[Stored data entries]

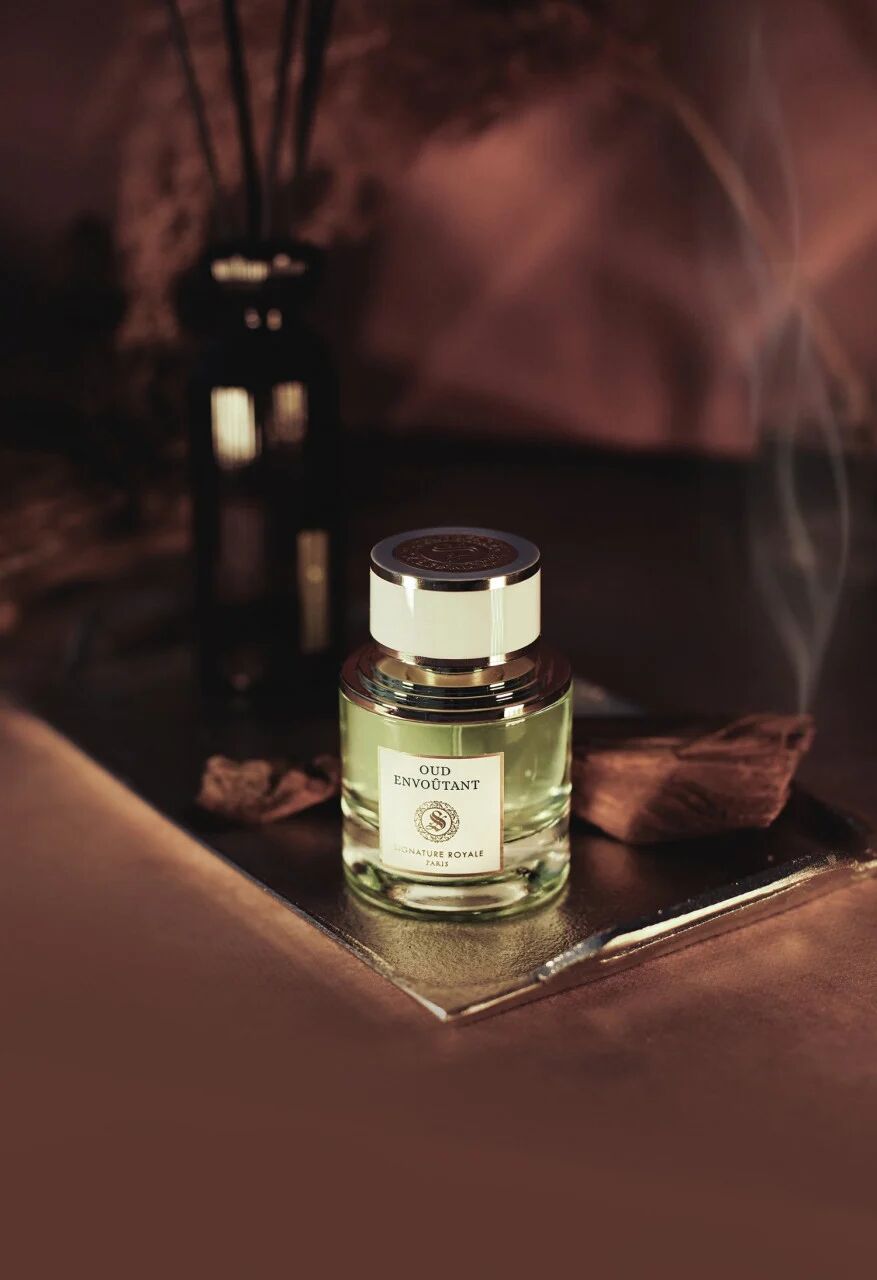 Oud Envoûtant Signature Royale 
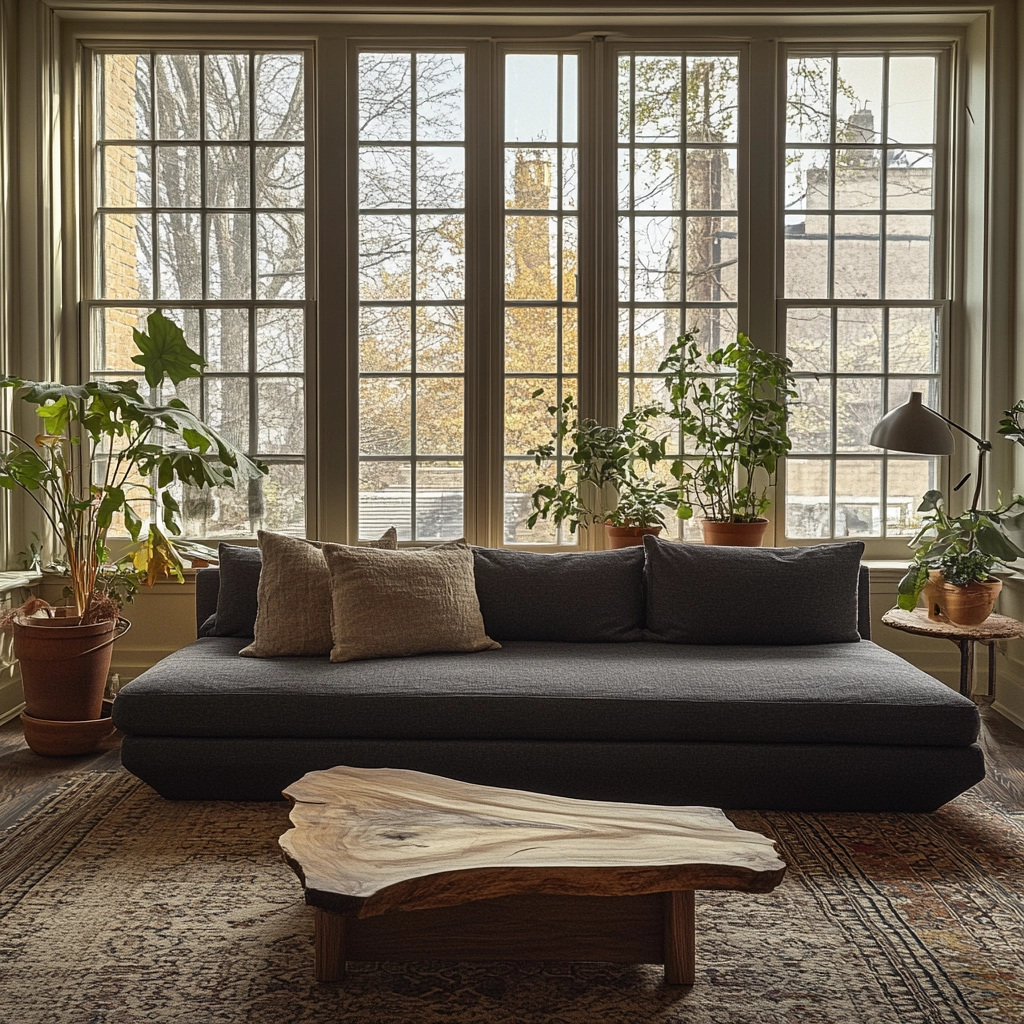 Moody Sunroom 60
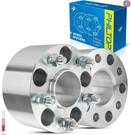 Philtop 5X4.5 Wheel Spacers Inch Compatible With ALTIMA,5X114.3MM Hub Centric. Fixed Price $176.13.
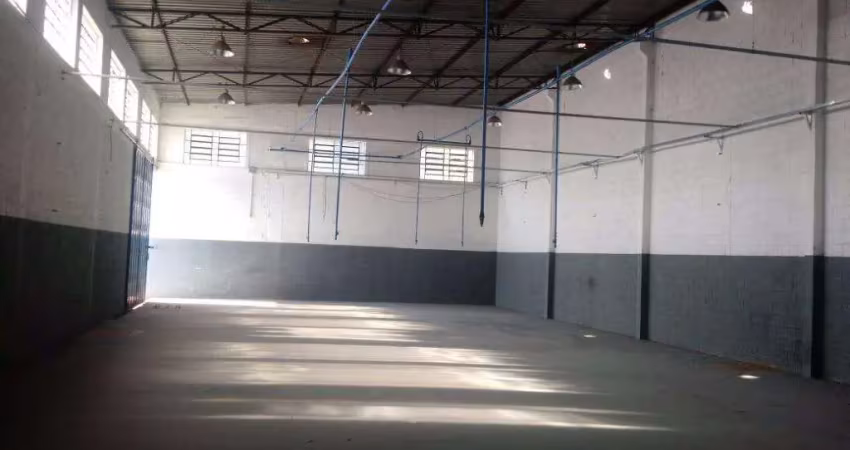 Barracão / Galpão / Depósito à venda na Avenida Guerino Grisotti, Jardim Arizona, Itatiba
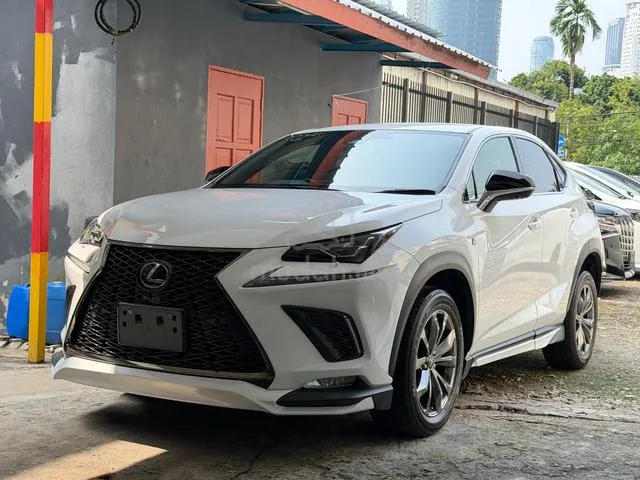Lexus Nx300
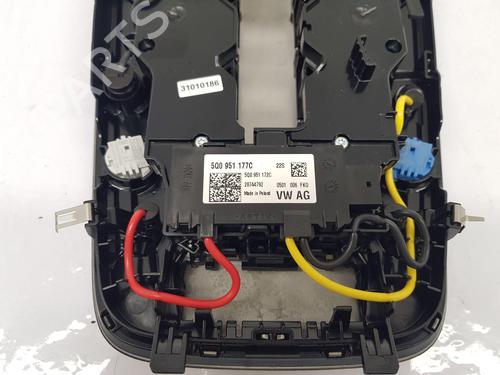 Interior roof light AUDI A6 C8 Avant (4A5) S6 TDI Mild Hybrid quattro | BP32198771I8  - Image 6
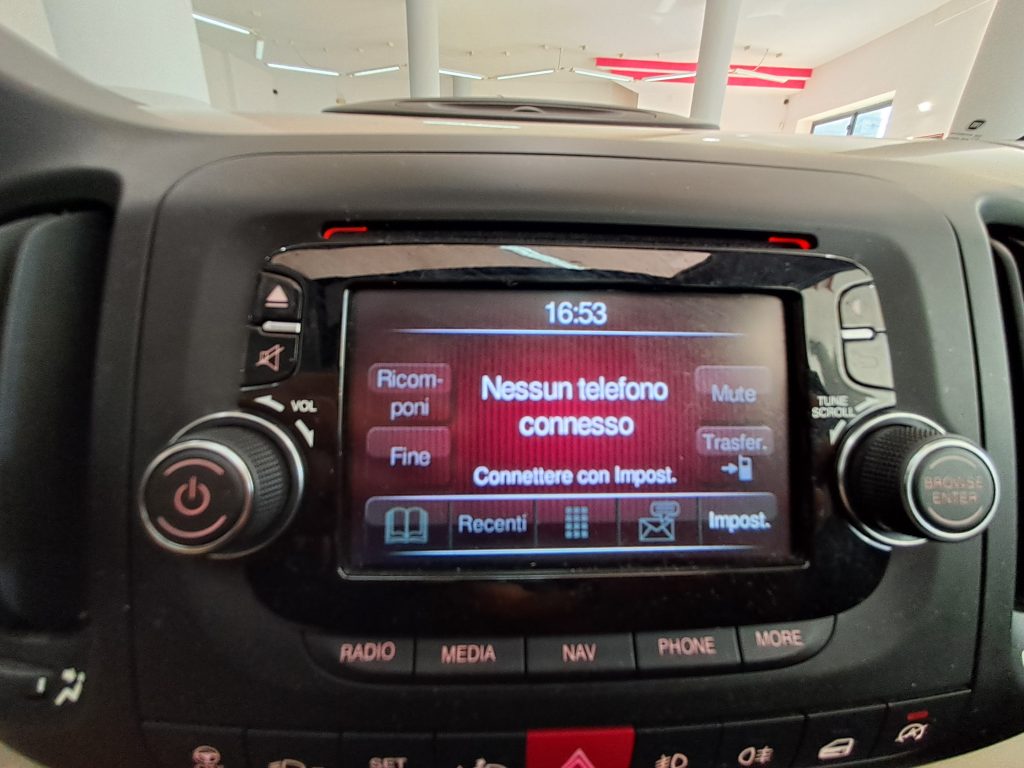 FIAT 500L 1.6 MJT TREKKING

*ACTIVITY:*
Only what runs from the line containing "Philtop 5X4.5 Wheel" through the end of the entries above should be extracted, exactly and without pictures.

*WRITTEN SOLUTION:*
 Philtop 5X4.5 Wheel Spacers Inch Compatible With ALTIMA,5X114.3MM Hub Centric. Fixed Price $176.13.
 Barracão / Galpão / Depósito à venda na Avenida Guerino Grisotti, Jardim Arizona, Itatiba
Lexus Nx300
 Interior roof light AUDI A6 C8 Avant (4A5) S6 TDI Mild Hybrid quattro | BP32198771I8  - Image 6
 FIAT 500L 1.6 MJT TREKKING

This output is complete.